= WHAT IS BEING ASKED =
Below is a block of entries; repeat exactly the lines starting at the line that contains "アルテリーベ202の内装" and ending at the line that contains "제20회 1,2학년대학축구연맹전 황가람기 준결승 광주대-경희대 22", both included.

= DATA FOR THIS TASK =
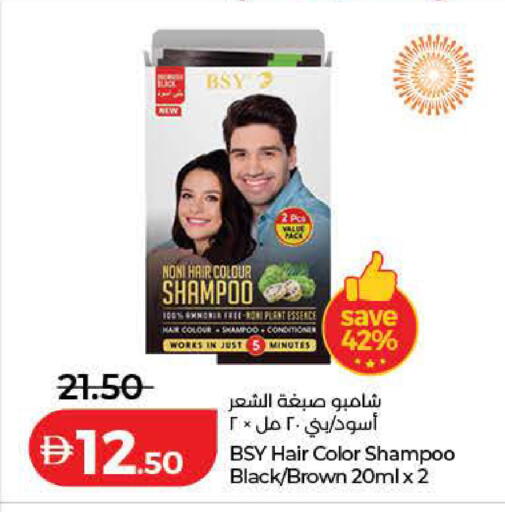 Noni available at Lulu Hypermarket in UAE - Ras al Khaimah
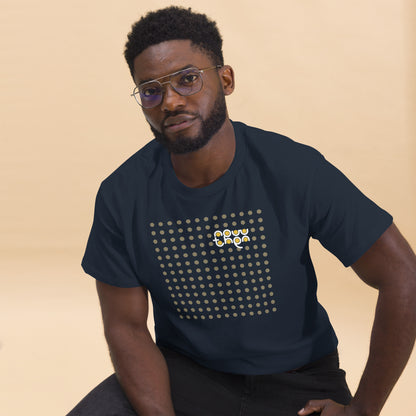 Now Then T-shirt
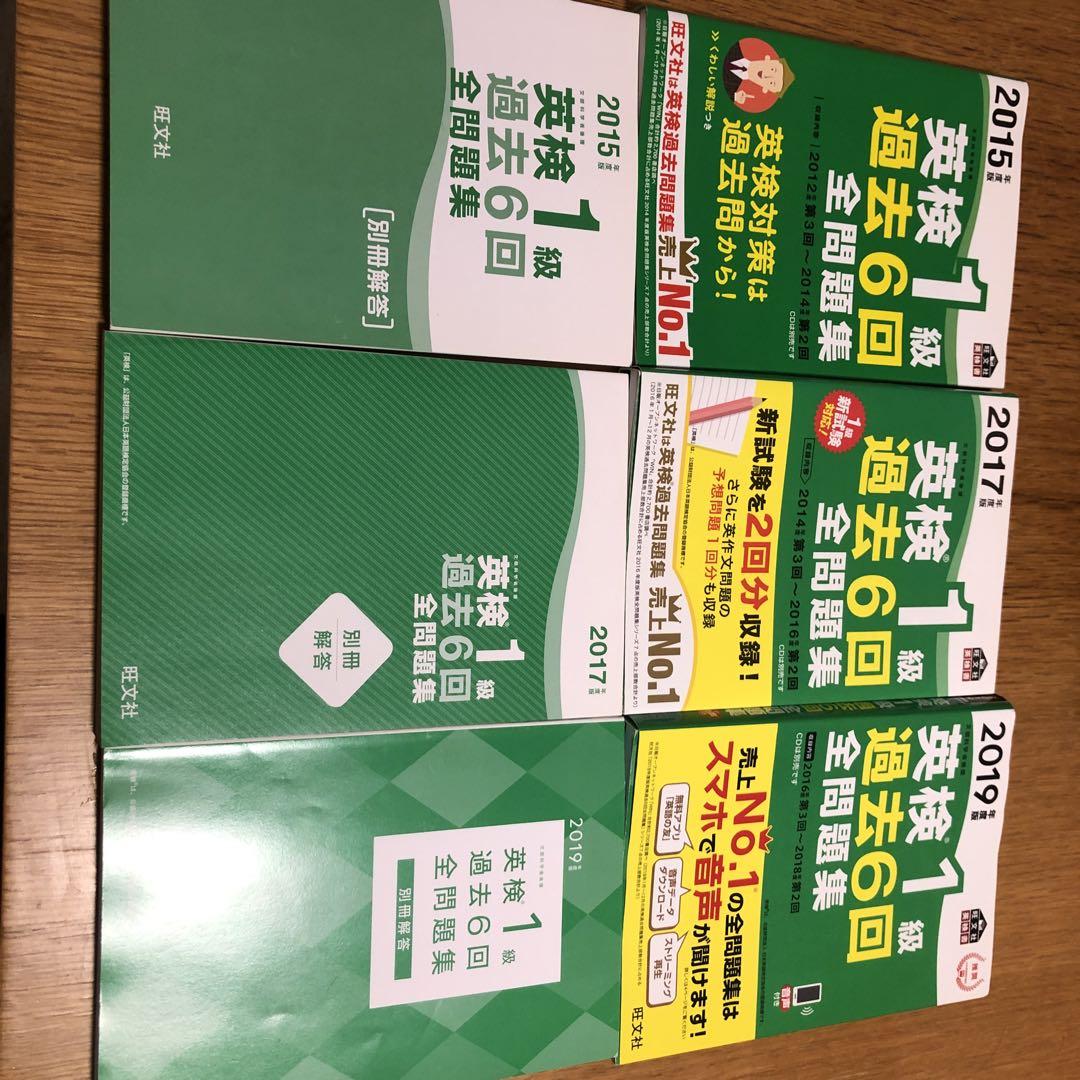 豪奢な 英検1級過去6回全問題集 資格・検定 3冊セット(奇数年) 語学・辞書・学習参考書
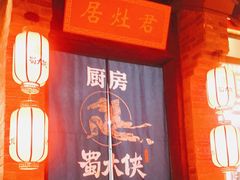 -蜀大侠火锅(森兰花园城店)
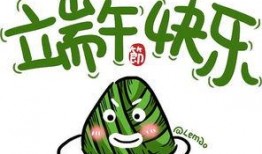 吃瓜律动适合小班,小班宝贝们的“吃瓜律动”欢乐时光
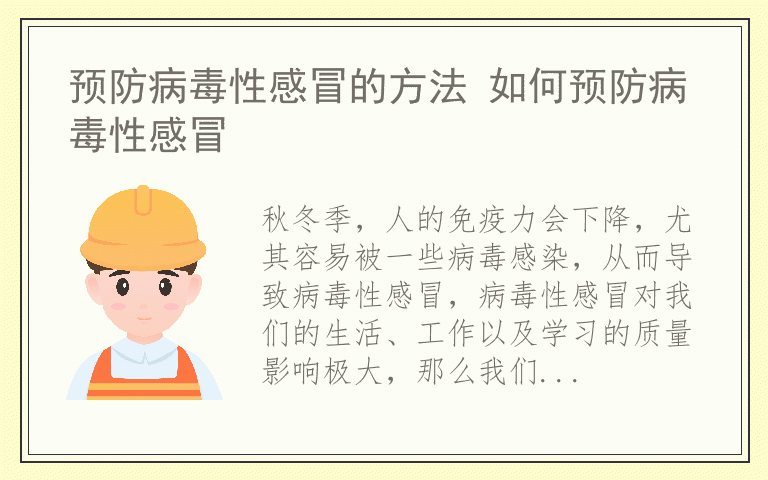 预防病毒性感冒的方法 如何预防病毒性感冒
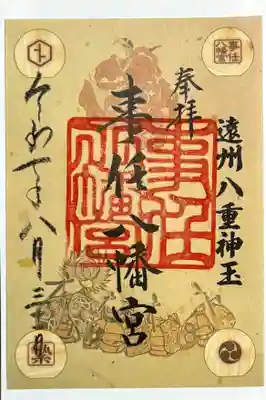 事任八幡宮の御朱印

---

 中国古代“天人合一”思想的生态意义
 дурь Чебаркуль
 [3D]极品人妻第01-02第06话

==

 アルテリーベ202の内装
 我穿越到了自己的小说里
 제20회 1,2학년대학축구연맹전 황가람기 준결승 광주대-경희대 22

= REPLY =
 アルテリーベ202の内装
 我穿越到了自己的小说里
 제20회 1,2학년대학축구연맹전 황가람기 준결승 광주대-경희대 22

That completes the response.